Later in the day, crappie will come out from under docks and the ones in deep water will head back toward the surface. This is when Chuck ends the day the way he started. At about 2 or 3 o’clock in the afternoon, Chuck will go back to trolling for the last few hours of the day.
“Stay on the lake all day if you can, and don’t be afraid to try these tactics,” Chuck said. “It can mean the difference between loading a cooler and catching 10 or 12 fish.”
As the water continues cooling this month, the crappie fishing will get better and better according to Chuck, who said, “the fish will be much more aggressive at the end of the month than they will be at the beginning.”

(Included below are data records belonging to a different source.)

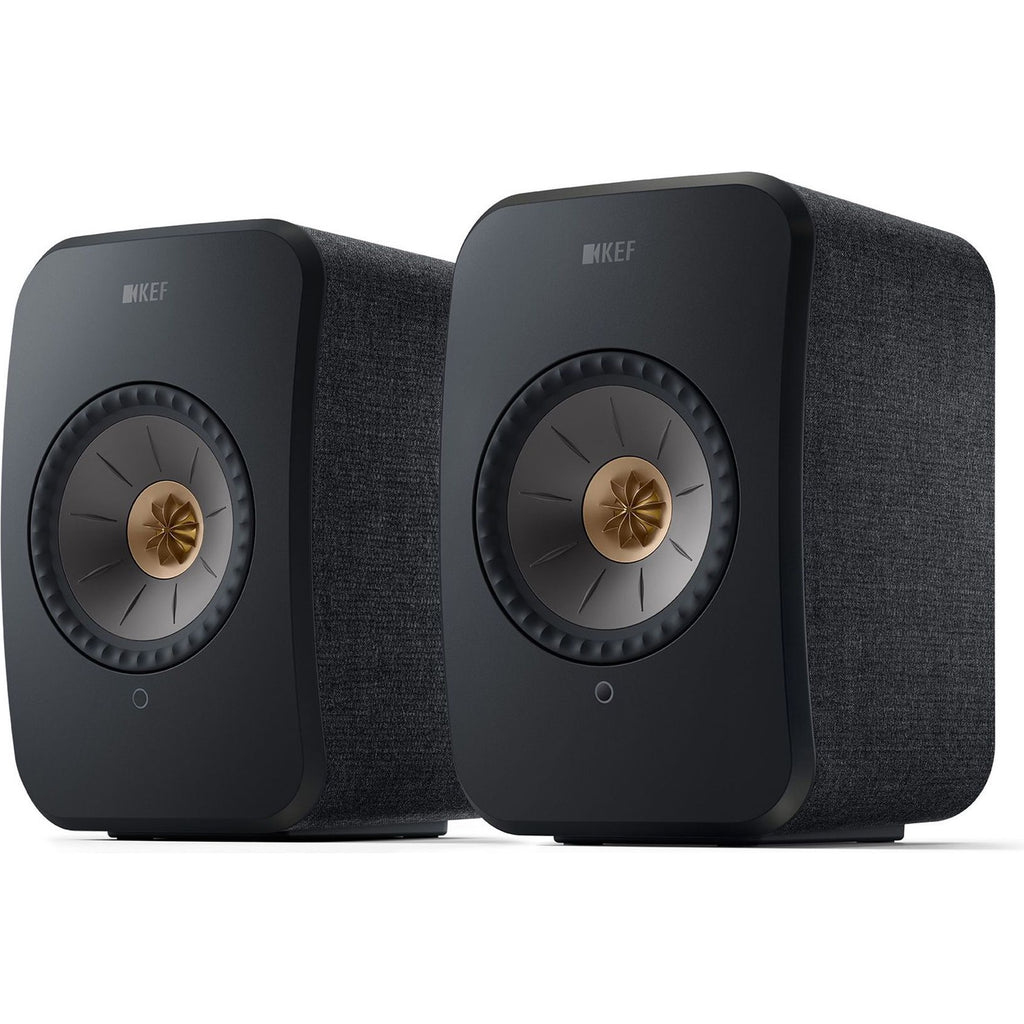 Pair of KEF LSX II active bookshelf speakers with sleek black finish, featuring compact design and high-quality audio drivers.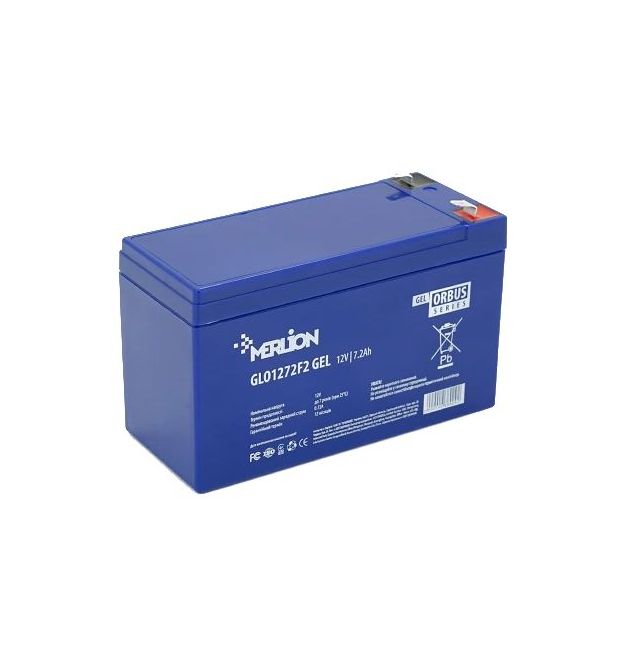 Свинцово-кислотная аккумуляторная батарея MERLION ORBUS GLO1272F2 12 V 7.2Ah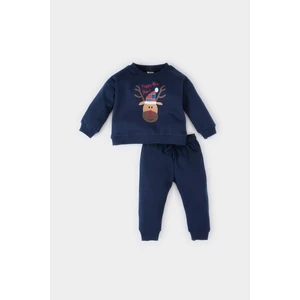 Erkek Bebek Yılbaşı Temalı 2'li Takım Bisiklet Yaka Sweatshirt Beli Lastikli Eşofman Altı D6729A524WN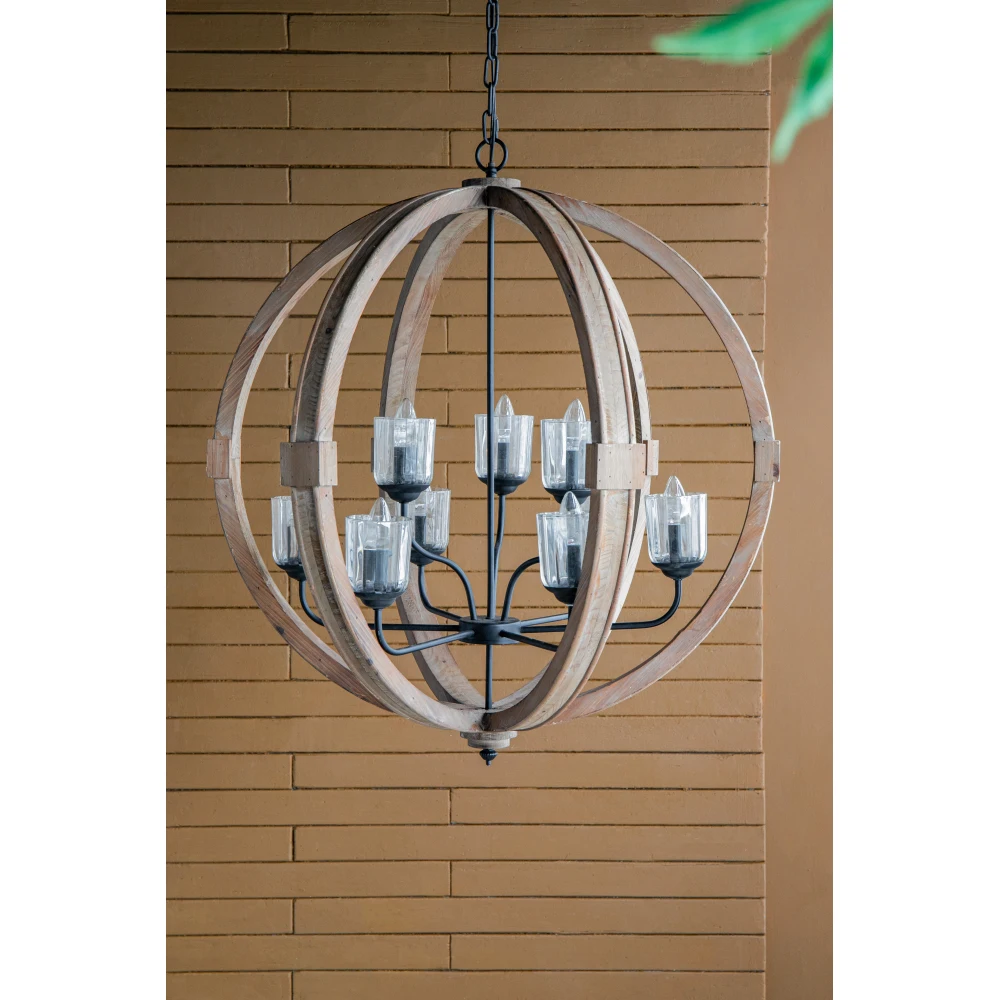 9- Light Globe Chandelier, Wood Chandelier Hanging Light Fixture with Adjustable Chain for Kitchen Dining Room Foyer Entryway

As the water temperatures stabilize in the 50s, crappie will stay for longer periods of time in what Chuck calls the red zone. When that happens, trolling will remain a viable tactic for a longer period of the day.
“The red zone is the first 10 feet from the surface of the water,” Chuck said. “This is the zone the proficient troller wants his fish to be in.”
When the trolling bite slows down Chuck will try something different to keep catching fish.
Chuck had a couple more pieces of advice for anyone who wants to give Sinclair’s fall crappie fishing a try.
“Be courteous to the boats around you, and idle in and out of an area,” Chuck said. “And start a kid fishing today.”
Chuck puts in at the Chevron station right across Hwy 441 from Plant Branch. During cold weather, the heated water coming from the plant can make for some extremely thick fog on the water, so be extra careful and always use running lights. Many bass tournaments are held this time of year, so if you want to be at your spot at first light, launch the boat early.
Try Chuck’s tips on Lake Sinclair this month. Everybody else will be in the woods, so spend a little time on the water.